Bu caminin Sultan II. Murat’ın biri Bursa’da bulunan ve Muradiye adı verilen, diğeri ise Edirne’de bulunan ve “Üç şerefeli cami” olarak bilinen diğer iki caminin de inşa edildiği dönemde yapıldığı göz önünde bulundurulacak olursa, Üsküp’teki caminin de yüksek mimari ve sanatsal niteliklere sahip olduğunu tahmin edebilir. Belki de Rumelide bulunan en güzel camilerden biri olduğu söylenebilir. Yapının boyutlarının büyüklüğü, inşaat tarzı, harikulade taş süsleme kalıntıları ve diğer unsurlar bunu en iyi şekilde kanıtlamaktadır. Bugünkü görünümü, daha ziyade XVIII. Yüzyılın başlarında gerçekleştirilen onarımdan sonra almıştır. Böyle olmakla birlikte, Sultan Murat Camiinin ilk inşa edildiğinde kubbeli bir yapı olduğunu düşünmekteyiz.
Sultan Murat Camiinin iç mekanı iki sıra halinde üçer ayak ile üç bölüme ayrılmıştır. Caminin son cemaat yerinin ön yüzü açıktır. Başlıkları çok güzel taştan yapılmış dört direk üzerinde durmaktadır. Ortadaki direklerin başlıkları sarkıt süslemelerle bezenmiştir.

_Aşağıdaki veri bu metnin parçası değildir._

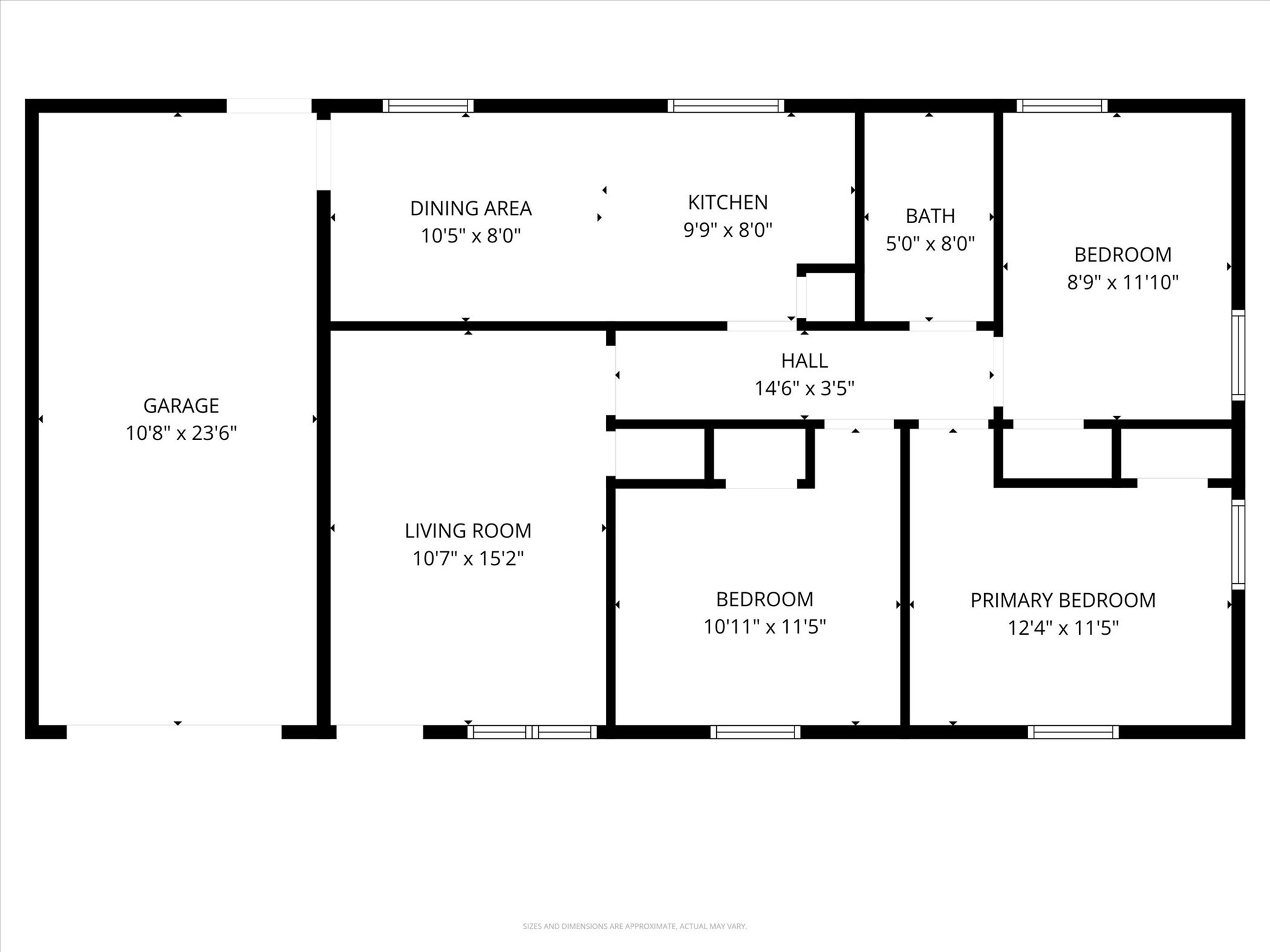 5555 Pinson Street Fort Worth TX 76119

Yanlarda bulunan diğer iki başlık da süslemeleriyle, yani süslemelerin yapılış tarzıyla benzeri ender görülen örneklerdendir. Sultan Murat Camiinin minaresi kaliteli kesme taştan inşa edilmiştir. Şerefesinin alt yanında ise sarkıt süslemeler bulunmaktadır. Minareye revaktan girilmemektedir. Şerefeye, taştan yapılmış basamaklarla çıkılmaktadır. Basamakların sayısı 114’tür. Yapımında kullanılan malzeme, yani rengi ve kalitesi farklı taş ve tuğla, caminin son derece göz alıcı olmasını sağlamaktadır. Camideki mevcut resim süslemeler, Sultan Reşat’ın Üsküp’e gelmesi ve bu camide kılınan namaza katılması, dolayısıyla yapılan onarımın gerçekleştirildiği, geçen yüzyılın başlangıç döneminden kalmadır.